Bias and the Election: What No One is Talking About*
By Katja E. Cahoon
Since the November 2016 election, much has been written and said about the discrepancy between polling results and the actual outcome. But one topic is almost completely ignored, and I personally realized it the hard (or shall I say, unpleasant) way.
There have been important discussions about sample size and sample representativeness, sampling and non-sampling error. About using better methodologies and approaches that bypass the rational mind and what people say (e.g., Implicit Association Testing). About simpler ways of getting data (e.g., text analytics), and accounting for the lack of ability or willingness to answer a question truthfully (e.g., because it might not be politically correct). The latter brings us back to better methodologies and asking non-biased versus biasing questions. Even the challenges around understanding probabilities and different models have been discussed.
During the excellent ARF / Greenbook Election 2016 Debrief – Research & Analytics Event, many of the above topics were discussed by the speakers and panel members. This event provides insightful responses about what went right and wrong. It is also relevant for market research in general, especially given high product failure rates (it is not 80%, that is an urban myth, but it is still high enough).
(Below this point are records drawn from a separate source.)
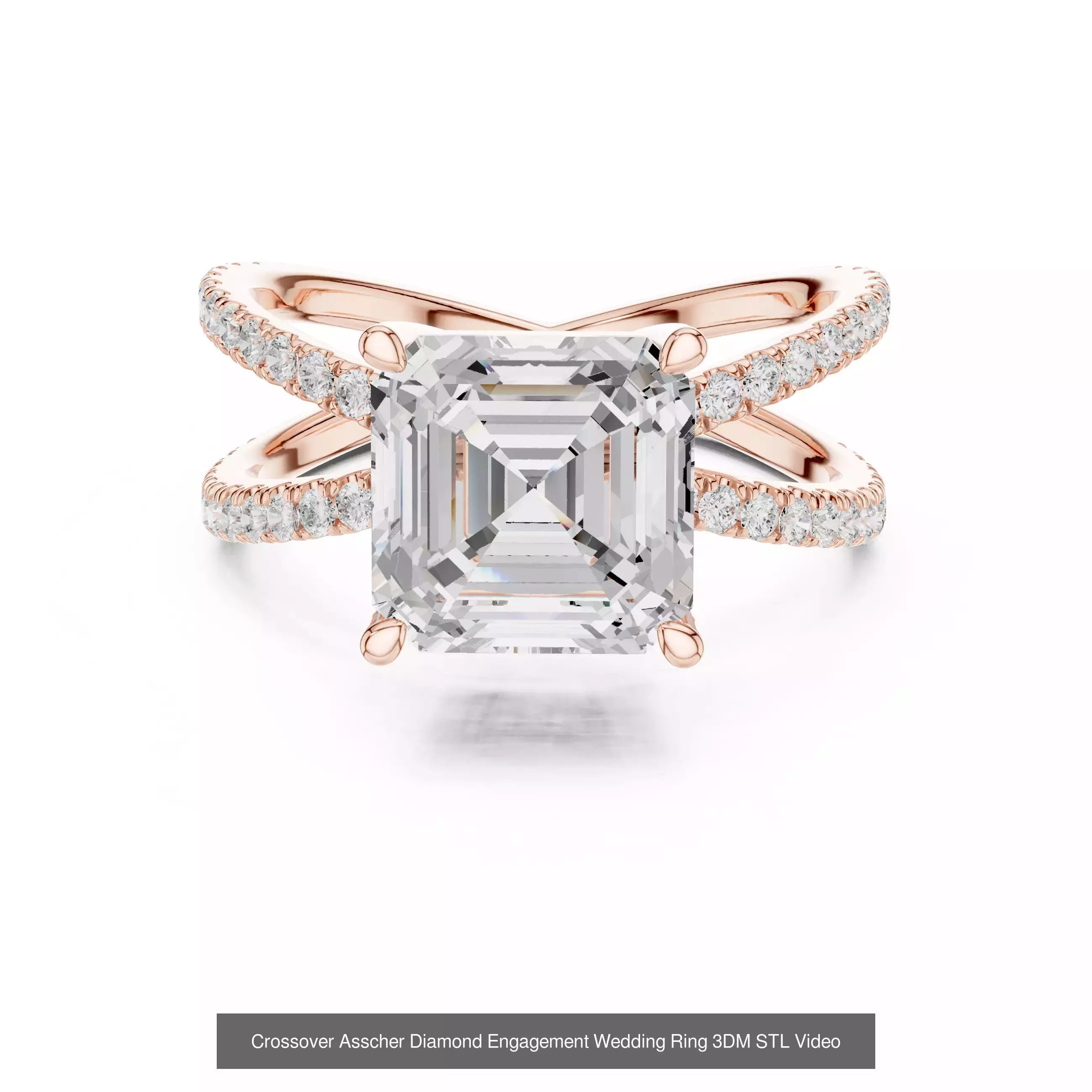 112 Asscher Diamond Rings 3DM STL OBJ FBX 3 Color Render Video 3D Model Collection_119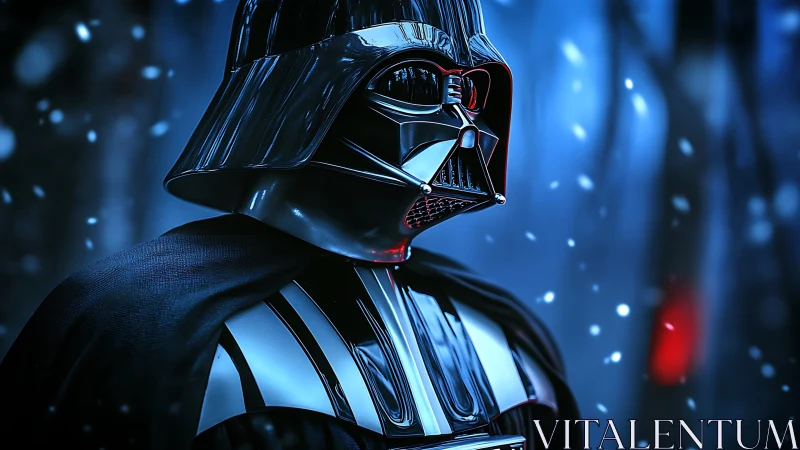 Midnight armored villain under snowfall in neon blue gloom.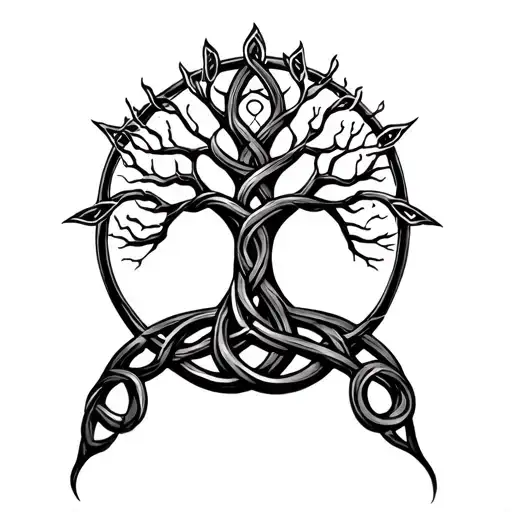 Celtic Tree Of Life With Celtic Knot Shoulder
One topic was mentioned in passing by a few of the knowledgeable speakers and panelists, especially Melanie Courtright, EVP at Research Now, which brings me back to my uncomfortable wake-up call:
Two days after the election, still reeling from the surprise, I had the pleasure of doing an in-depth IDI with a delightful man in his forties from the Mid-West about a topic related to work and finances. He had a Master’s degree, was a manager for a small company, and happily married with two young children. He was the kind of dream participant qualitative researchers hope for – open about his life, finances, fears, and hopes, generous with his time, and both thoughtful and able to discuss his emotions. His main concern, reiterated over and over, was to provide for his children and wife combined with his fears about not being able to do so because of rising health care and living expenses. My heart went out to him. And then he revealed that he voted for Trump.
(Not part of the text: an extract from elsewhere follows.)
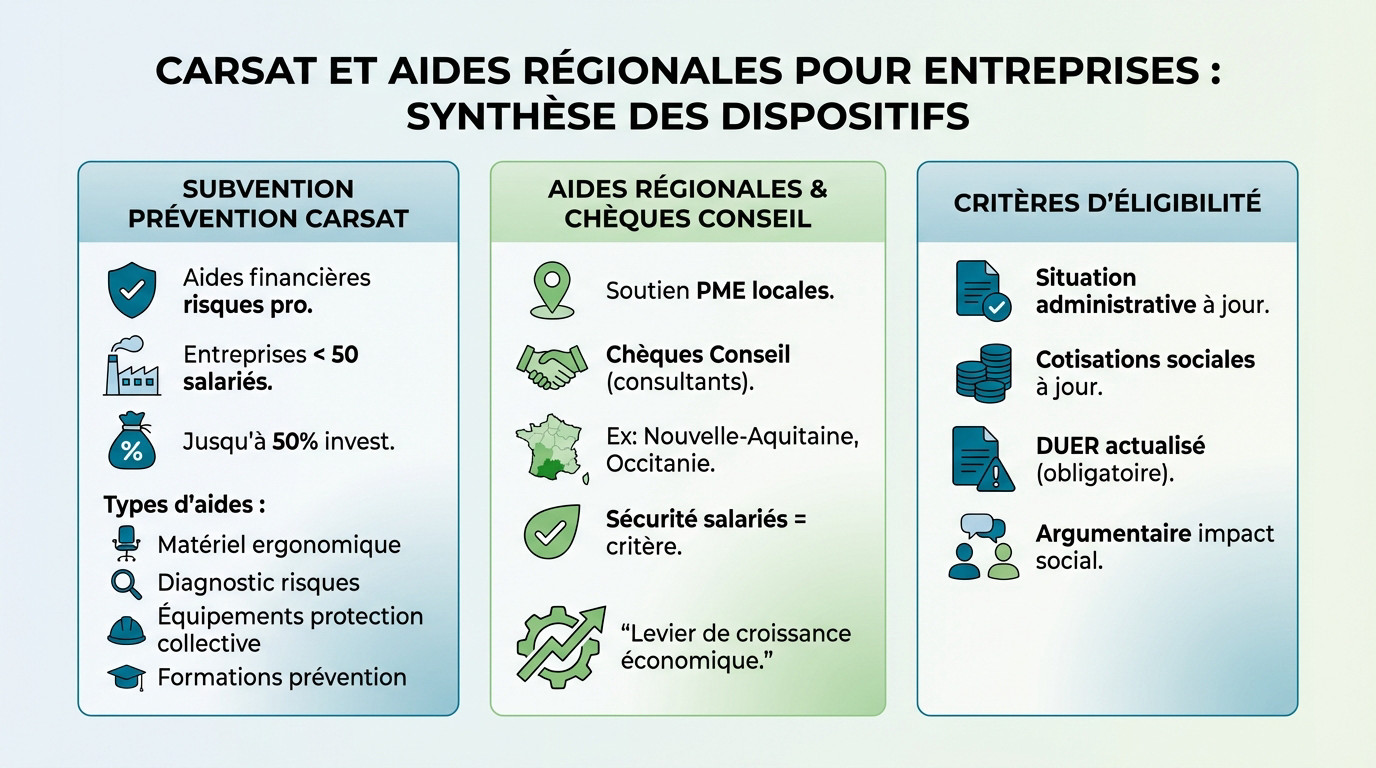 Synthèse des aides CARSAT et régionales pour le financement de la certification MASE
It is rare to experience undiluted cognitive dissonance, but that is exactly what I felt. For months on end I had considered Trump voters to be largely the confederate flag waving poor white males, the uneducated, the disenfranchised – a frame influenced by the media. This man was none of these things (except white and male). I am grateful for my training as a psychotherapist and my experience as a researcher, which helped me to catch myself. I was able to continue to listen to his challenges with real empathy. After the interview ended, I reflected on my experience and realized: it is not just about having the right data (there were indications that Hillary was not the clear-cut winner most pollsters and publications made her out to be, some indeed correctly called out Trump as the winner as did Michael Moore). It is just as much about being able to see all the data and its implications, as opposed to be being blinded by our own frames, cognitive biases, and media generated impressions.
And that is precisely what is not talked about enough: bias impacts ALL of us, not just voters and consumers, but also pollsters, researchers, and of course decision makers. Melanie Courtright puts it best, “they were all wrong in the same direction, that indicates a bias.” A “democratic bias,” as Raghavan Mayur, President of TechnoMetrica Market Intelligence points out. This bias is reflected in the media. It certainly impacted me; I have a suspicion I am not the only one. This is the “echo chamber.” I should know better as a psychotherapist and highly trained researcher but as the wonderful Daniel Kahneman puts it in Thinking, Fast and Slow, neither intelligence nor experience protects from falling prey to cognitive errors.
And decision makers are impacted as well. Overconfidence in the Clinton camp, especially toward the end, points to that. This is certainly not limited to politics, it happens all the time in business as well. All the way back in the 1970s Irving Janis wrote his ever-relevant book Groupthink. Without being privy to what exactly led to the systematic faulty forecasting and overconfidence I suspect aspects of groupthink played a role (indeed, overconfidence is one of the hallmarks of groupthink).
So, what can we do in addition to becoming better and better at collecting data? It is pretty well accepted at this point that consumers (and especially voters) are not rational beings and are impacted by cognitive errors and biases. But have we – marketers, researchers, and decision makers – truly accepted that we are as well? This is precisely the first step of the three steps of overcoming cognitive bias: true understanding and acceptance that we have them as much as any other human being. A Mistakes Were Made, but not by me kind of attitude does not serve us here. In the next article, I will dive deeper into the three steps of overcoming cognitive bias.
*The use of hyperbole is deliberate. Of course, some, but very few, researchers are talking about this explicitly.